35 U.S.C.A. § 154; see also TransCore, LP v. Elec. Transaction Consultants Corp., 563 F.3d 1271, 1275 (Fed. Cir. 2009) (“the grant of a patent does not provide the patentee with an affirmative right to practice the patent but merely the right to exclude”); Leatherman Tool Group Inc. v. Cooper Indus., Inc., 131 F.3d 1011, 1015 (Fed. Cir. 1997) (“In fact, the federal patent laws do not create any affirmative right to make, use, or sell anything.”)
So I can obtain a patent for (i) a vehicle with (ii) a new and improved windshield wiper, but my patent doesn’t give me the right to make anything, and certainly not the right to make a vehicle (even one with my windshield wiper) if someone else holds a patent on the vehicle. In that case, I can exclude others from making a vehicle with my windshield wiper, but I can’t make the product myself.
Additionally, despite Section 154’s language about patents granting “the right to exclude others” from making the patented product, to actually exclude someone from making your invention, you need to obtain an injunction. Stated differently, there’s no automatic right to exclude someone from infringing your patent.

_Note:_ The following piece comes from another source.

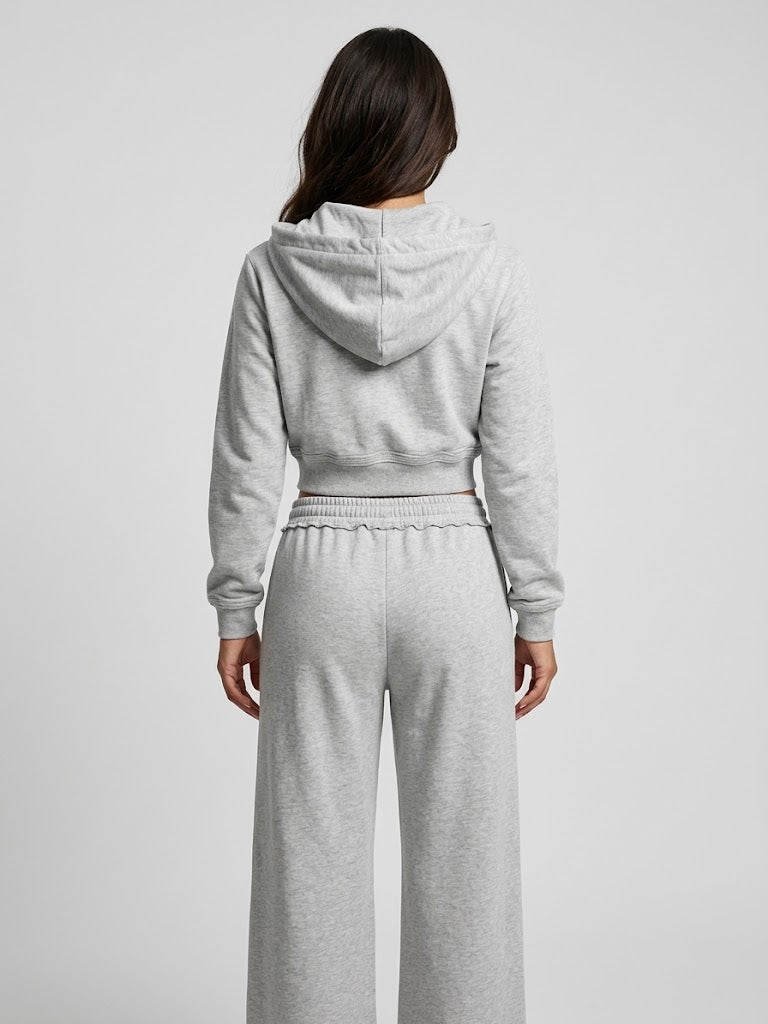 Conjunto Lex chompa con cierre + sudadera borde doble - Gris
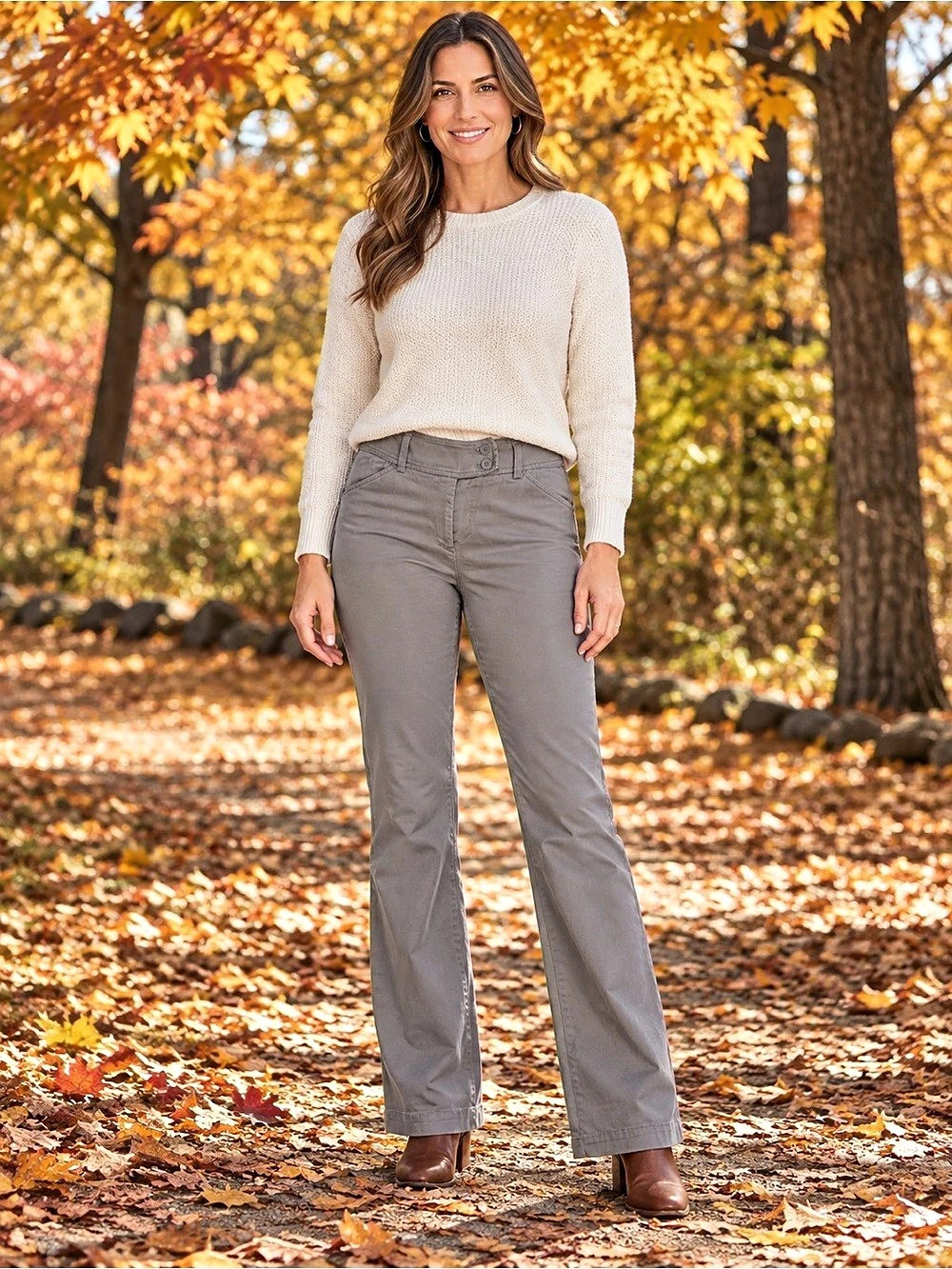 New York & Company Straight Leg Cotton Pants Gray Size 12 Tall Like New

Instead, federal law:
- defines (direct) infringement of a patent as “whoever without authority makes, uses, offers to sell, or sells any patented invention, within the United States or imports into the United States any patented invention during the term of the patent”, 35 U.S.C. § 271(a);
- provides that “[a] patentee shall have remedy by civil action for infringement of his patent”, 35 U.S.C. § 281;
- requires the court to award “damages adequate to compensate for the infringement, but in no event less than a reasonable royalty for the use made of the invention by the infringer,” 35 U.S.C. § 284; and
- allows, but does not require, courts to “grant injunctions in accordance with the principles of equity to prevent the violation of any right secured by patent, on such terms as the court deems reasonable.” 35 U.S.C. § 283.
And actually obtaining an injunction in a patent case is exceedingly rare, especially after the Supreme Court’s Ebay decision.